The second approach we use is a standard autoencoder, where, while still working in the POD basis, we do not learn the encoder and decoder in terms of deviations from POD projections but simply set $\boldsymbol{h}=\boldsymbol{\chi} (\boldsymbol{u};\boldsymbol{\theta}_E)=\mathcal{E}(\boldsymbol{\mathsf{U}}_r^{\rm T}\boldsymbol{u};\boldsymbol{\theta}_E)$ and $\boldsymbol{\tilde{u}}=\boldsymbol{\check{\chi}}(\boldsymbol{h};\boldsymbol{\theta}_E)=\boldsymbol{\mathsf{U}}_r\mathcal {D}(\boldsymbol{h};\boldsymbol{\theta}_D)$. In § 3.2 we contrast the standard and hybrid approaches. In Linot & Graham (Reference Linot and Graham2020) we found lower autoencoder error by performing the POD change of basis, and even lower error by taking the hybrid approach for chaotic data from the KSE. In the present context, we found the performance of the two approaches in the POD basis to be very similar, as further discussed in the following.

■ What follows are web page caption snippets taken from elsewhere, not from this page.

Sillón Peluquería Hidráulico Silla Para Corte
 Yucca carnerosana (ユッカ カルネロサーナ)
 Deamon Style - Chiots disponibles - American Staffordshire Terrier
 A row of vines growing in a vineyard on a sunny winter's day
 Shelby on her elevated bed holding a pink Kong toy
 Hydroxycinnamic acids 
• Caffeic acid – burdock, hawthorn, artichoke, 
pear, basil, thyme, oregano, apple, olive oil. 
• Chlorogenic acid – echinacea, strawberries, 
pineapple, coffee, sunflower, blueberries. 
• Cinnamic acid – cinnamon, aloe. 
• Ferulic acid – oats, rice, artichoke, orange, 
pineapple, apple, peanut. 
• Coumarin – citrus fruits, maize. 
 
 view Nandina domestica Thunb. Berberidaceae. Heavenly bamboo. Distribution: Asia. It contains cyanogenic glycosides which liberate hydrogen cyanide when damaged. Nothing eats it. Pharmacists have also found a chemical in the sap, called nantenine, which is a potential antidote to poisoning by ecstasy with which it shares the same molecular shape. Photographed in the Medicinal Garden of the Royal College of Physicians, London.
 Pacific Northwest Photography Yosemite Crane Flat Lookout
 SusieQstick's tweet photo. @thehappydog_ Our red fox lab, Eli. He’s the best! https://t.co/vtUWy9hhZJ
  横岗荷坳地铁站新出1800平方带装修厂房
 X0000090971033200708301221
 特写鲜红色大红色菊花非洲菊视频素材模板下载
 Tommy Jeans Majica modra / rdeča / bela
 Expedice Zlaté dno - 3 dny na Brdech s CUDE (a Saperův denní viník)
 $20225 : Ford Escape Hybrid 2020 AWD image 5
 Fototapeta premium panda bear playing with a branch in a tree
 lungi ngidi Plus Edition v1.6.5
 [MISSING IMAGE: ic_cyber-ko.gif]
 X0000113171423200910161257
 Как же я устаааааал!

Next, we approximate $\boldsymbol{g}$ using a neural ODE. A drawback of training a single dense NN for $\boldsymbol{g}$ is that the resulting dynamics may become weakly unstable, with linear growth at long times (Linot & Graham Reference Linot and Graham2022; Linot et al. Reference Linot, Burby, Tang, Balaprakash, Graham and Maulik2023a). To avoid this, we use a ‘stabilised’ neural ODE approach by adding a linear damping term onto the output of the NN, giving

(2.8)\begin{equation} \boldsymbol{g}(\boldsymbol{h}(t_i);\boldsymbol{\theta}_g)=\boldsymbol{g}_{{NN}}(\boldsymbol{h}(t_i);\boldsymbol{\theta}_g)+\boldsymbol{\mathsf{A}} \boldsymbol{h}. \end{equation}

For training $\boldsymbol{g}_{{NN}}$ we integrate (2.8) over some time window $\tau$ from time $t_i$ to $t_i+\tau$ yielding

(2.9) \begin{equation} \boldsymbol{\tilde{h}}(t_i+\tau)=\boldsymbol{h}(t_i)+\int_{t_i}^{t_i+\tau}\boldsymbol{g}_{{NN}}(\boldsymbol{h}(t);\boldsymbol{\theta}_g)+\boldsymbol{\mathsf{A}} \boldsymbol{h}(t) \,{\rm d}t. \end{equation}

We use the standard Dormand–Prince method (Dormand & Prince Reference Dormand and Prince1980) to perform this integration, but we note that this method does not depend on the integration scheme and different methods can be used when training and deploying the model. Depending on the situation, one may either learn $\boldsymbol{\mathsf{A}}$ from data or fix it. Here we set it to the diagonal matrix

(2.10)\begin{equation} {\mathsf{A}}_{ij}=-\beta {\boldsymbol{\mathsf{\delta}}}_{ij}\sigma_i(\boldsymbol{h}), \end{equation}

where ${\sigma}_i(\boldsymbol{h})$ is the standard deviation of the $i$th component of $\boldsymbol{h}$, $\beta$ is a tunable parameter and ${\boldsymbol{\mathsf{\delta}}}_{ij}$ is the Kronecker delta. In Linot & Graham (Reference Linot and Graham2022) and Linot et al. (Reference Linot, Burby, Tang, Balaprakash, Graham and Maulik2023a), we found that without this stabilising linear term, small errors in the dynamics would eventually grow resulting in $\boldsymbol{g}_{{NN}}$ outputting a constant value, which led to continuous linear growth away from the attractor. Including the linear damping term effectively eliminates this behaviour by attracting trajectories back to the origin, preventing them from moving far away from the training data. In § 3.4 we show that this approach drastically improves the long-time performance of these models.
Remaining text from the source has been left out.